*What you should do*:
Transcribe exactly the lines from the one containing "Striped Passion Herren" through the end of the entries, including both the first and the last, and nothing else.

*Material provided*:

========

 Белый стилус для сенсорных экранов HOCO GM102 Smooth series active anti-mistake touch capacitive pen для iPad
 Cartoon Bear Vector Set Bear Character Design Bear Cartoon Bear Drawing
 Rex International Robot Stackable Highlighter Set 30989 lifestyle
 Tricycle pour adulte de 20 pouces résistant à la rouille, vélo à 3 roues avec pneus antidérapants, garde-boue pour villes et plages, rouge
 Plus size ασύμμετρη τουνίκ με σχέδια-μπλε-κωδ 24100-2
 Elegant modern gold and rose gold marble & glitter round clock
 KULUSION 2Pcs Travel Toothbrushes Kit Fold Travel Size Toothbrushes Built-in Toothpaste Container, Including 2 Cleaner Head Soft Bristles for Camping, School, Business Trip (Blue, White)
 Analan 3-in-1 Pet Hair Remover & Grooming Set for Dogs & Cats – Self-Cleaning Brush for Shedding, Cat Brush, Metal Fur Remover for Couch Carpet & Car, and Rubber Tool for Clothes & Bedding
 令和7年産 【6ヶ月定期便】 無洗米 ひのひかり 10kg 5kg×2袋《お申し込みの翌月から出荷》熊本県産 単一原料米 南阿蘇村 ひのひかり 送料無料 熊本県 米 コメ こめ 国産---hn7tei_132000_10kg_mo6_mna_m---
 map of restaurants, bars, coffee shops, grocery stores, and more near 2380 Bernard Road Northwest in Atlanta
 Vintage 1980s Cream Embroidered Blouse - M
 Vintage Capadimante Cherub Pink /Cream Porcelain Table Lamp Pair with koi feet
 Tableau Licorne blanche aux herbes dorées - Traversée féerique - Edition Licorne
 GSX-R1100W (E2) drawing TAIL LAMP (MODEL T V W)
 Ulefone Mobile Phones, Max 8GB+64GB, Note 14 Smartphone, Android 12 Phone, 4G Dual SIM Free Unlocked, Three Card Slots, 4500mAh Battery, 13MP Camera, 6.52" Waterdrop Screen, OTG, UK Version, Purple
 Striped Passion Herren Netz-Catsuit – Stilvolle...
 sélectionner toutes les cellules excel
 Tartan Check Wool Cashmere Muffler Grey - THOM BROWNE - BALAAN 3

========

*Your solution*:
 Striped Passion Herren Netz-Catsuit – Stilvolle...
 sélectionner toutes les cellules excel
 Tartan Check Wool Cashmere Muffler Grey - THOM BROWNE - BALAAN 3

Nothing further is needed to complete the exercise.